Monza 2023 magazine now available for download

News | June 6, 2023

Our magazine for the Hankook 12H MONZA is now available for digital download. This month, we speak with Wolf-Power Racing boss – and namesake – Raphael about developing their second generation Audi RS 3 LMS TCR, we take a look at the series’ debut of the new Porsche 992 GT3 R (with Herberth Motorsport and the distinctively-liveried Modena Motorsport), and we go ‘Head-to-Head’ with Gostner sisters Corinna and Manuela. All that and more in this month’s magazine.

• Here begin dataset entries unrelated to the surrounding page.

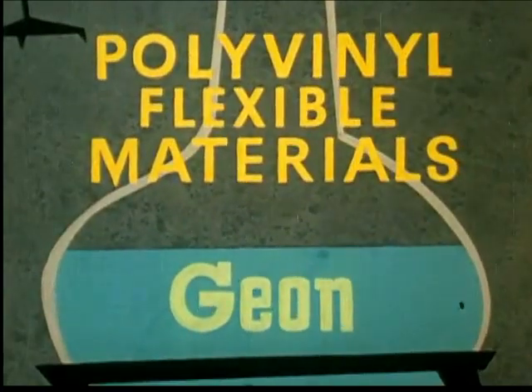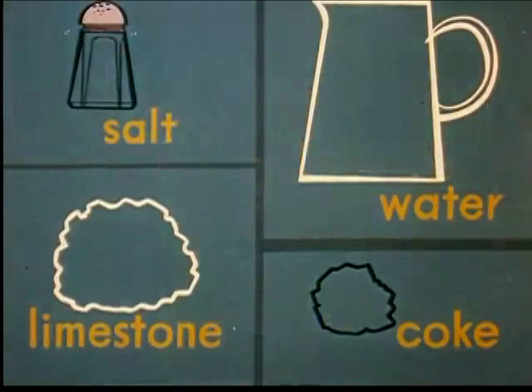Polyvinyl materials come from very simple beginnings: salt, water, limestone, and coke.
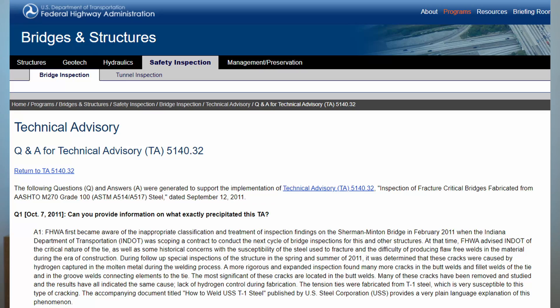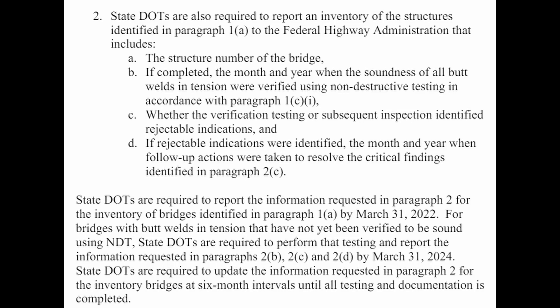As a result of the Sherman-Minton closure and the I-40 episode, the Federal Highway Administration realized they had a widespread problem. They issued a technical memorandum directing states to compile a list of their T1 steel bridges and implement an inspection program to identify any cracking. A particular concern was the soundness of butt welds in tension, to be tested using non-destructive methods. This FHWA guidance was the reason why Colorado DOT was conducting an inspection of the bridge over the Blue Mesa Reservoir.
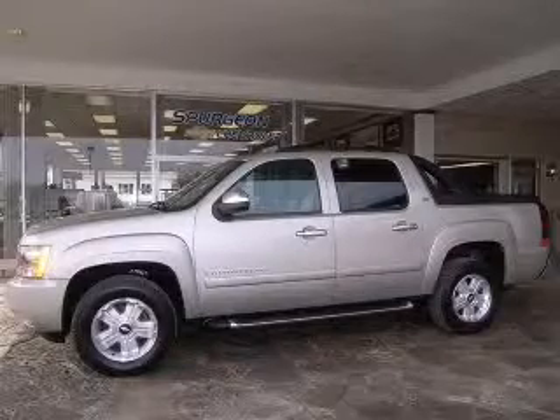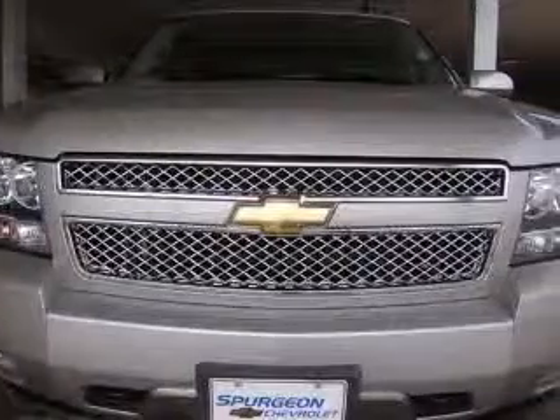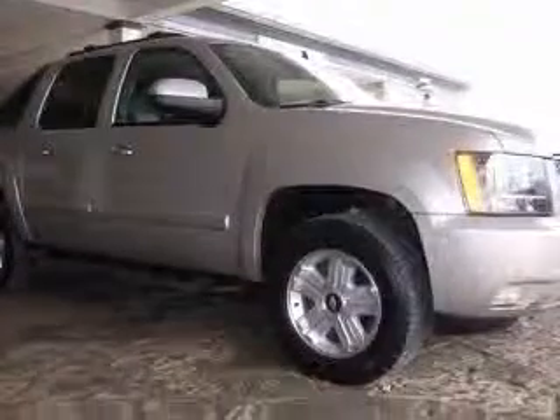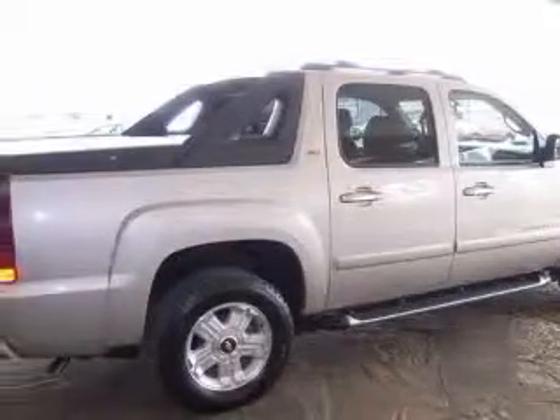We are proud to present this excellent 2007 Chevrolet Avalanche 1500. This Avalanche 1500 has a 5.3L V8 engine and an automatic transmission. This vehicle has a silver exterior and includes the following options.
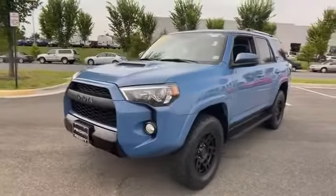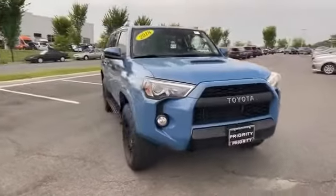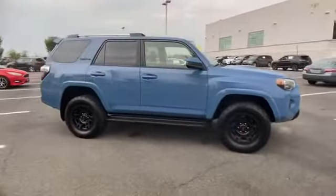2018 Toyota 4Runner with less than 29,000 miles on the odometer. This SUV offers space as well as power and performance.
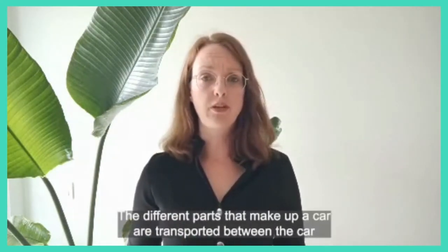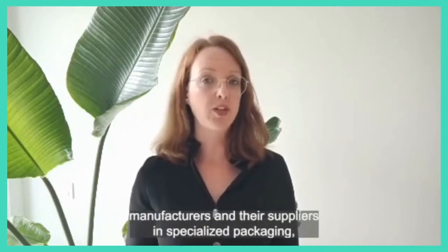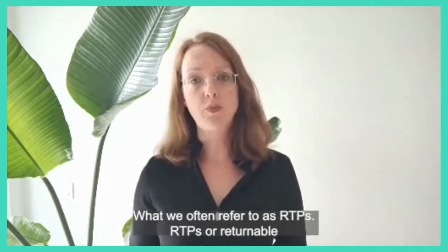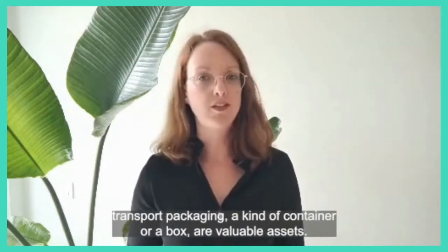The different parts that make up a car are transported between the car manufacturers and their suppliers in specialized packaging, what we often refer to as RTPs. RTPs, or Returnable Transport Packaging, a kind of container or a box, are valuable assets.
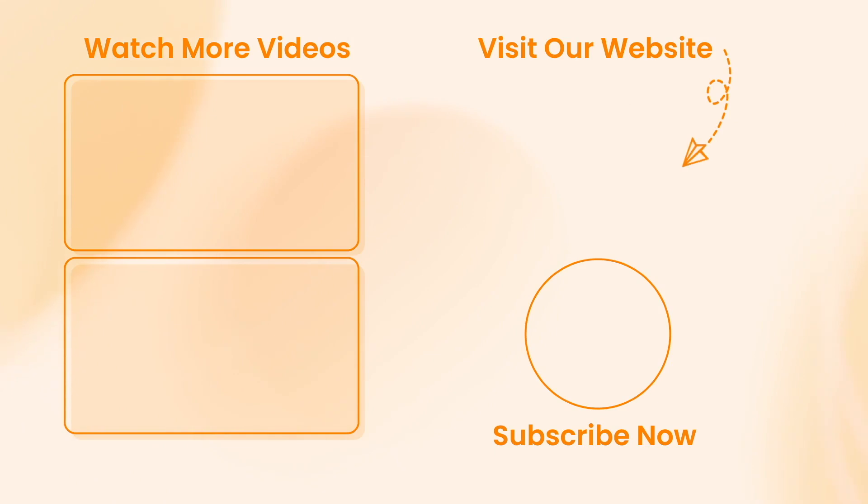Hope that all the tips were kind of useful. Thanks for watching and if you find this video really helpful, please give it a thumbs up and share it with your friends on social media. And don't forget to subscribe to our channel for more tech tips and tutorials. See you next time. Peace!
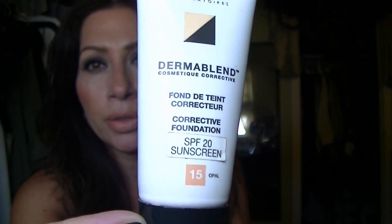Now on to drugstore foundation. I picked this up because I love Vichy products — I don't think you can go wrong with Vichy. I believe Ruth Crilley from A Model Recommends may have talked about this. I picked up color 15 Opal. This is a corrective foundation — Dermablend with SPF 20 — and it's for deep pitting, scarring, acne scarring, or hyperpigmentation where regular foundation will eventually seep through. It's very thick, very opaque, really full coverage. I am fortunate with my skin and don't have those issues, but I picked it up anyway. Really good product.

It’s not much of a stretch to say that the Autodromo Nazionale Monza is one of – if not the – most acclaimed circuits on this year’s 24H SERIES powered by Hankook calendar. Opened in 1922, as radioleman.com’s Joe Bradley explains in his monthly column, the Autodromo was the brainchild of the Automobile Club of Milan, both as a 25th anniversary celebrations of the association as well as a proving ground for the Italian motoring industry. Well, until the arrival of World War II, during which the venue was used as offices, safe storage for public Automobile Registry archives, and even overflow for Milan’s zoological gardens. 

 

Unsurprising for any long-tenured racing facility, transformations came and went in the ensuing years. Competitors ran the original 10km, road-cum-oval configuration from 1922 to 1929, with a transition road from the road course to the oval – positioned just before the present day Curva Parabolica – briefly introducing the amalgamated ‘Florio’ course, though this 6.6km layout barely lasted the decade. The loss of Giuseppe Campari, Baconin Borzacchini and Count Stanisław Czaykowski on the oval’s south curve in 1933 – on the same day – led to two artificial chicanes being introduced in the interest of safety (a hilarious concept, given that speeds still brushed 105km). These would be the most significant track alterations until 1938, when a dedicated road course, which demolished much of the original oval banking, was constructed primarily for Italy’s motor industry, the latter buoyed by two years of supremacy over its German rivals. 

 

Post-war, plans for a complete restoration were high on ACM’s to-do list (incredibly, the circuit was back up and running in just two months ahead of the 1948 Italian Grand Prix), and by 1955, plans were in-place to rebuild the oval – albeit with more aggressive banking on reinforced concrete pillars, capable of adhering to faster racing machinery – and remodel the road course with a more ‘parabolic’ final corner. It’s a configuration that, almost 60 years after its construction, remains ingrained in the hearts of motor racing fans to this day. True, the oval, used in tandem with the road course for the Grand Prix in ’55, ’56, ’60 and ’61, was retired for good following the demise of Wolfgang von Tripps and 11 spectators in 1961, while chicanes – namely Variante Ascari and, for 1976, Variantes Rettifilo and Roggia – quickly followed Jochen Rindt’s death in 1970 in an effort to quell speeds. But the track remains the oldest purpose-built racing track still in use in Europe, and is beaten worldwide only Indianapolis. Monza’s is a heritage, of which we’ve barely scratched the surface, that positively seeps through the asphalt. 

 

A history that, in 2020, CREVENTIC was privileged to join with the inaugural Hankook 12H MONZA, the longest endurance motor race the circuit has hosted to-date, and an event that remains one of the closest, and most dramatic, in 24H SERIES history. One our championship contenders could very easily emulate this weekend. Another chapter in the already storied history at Monza.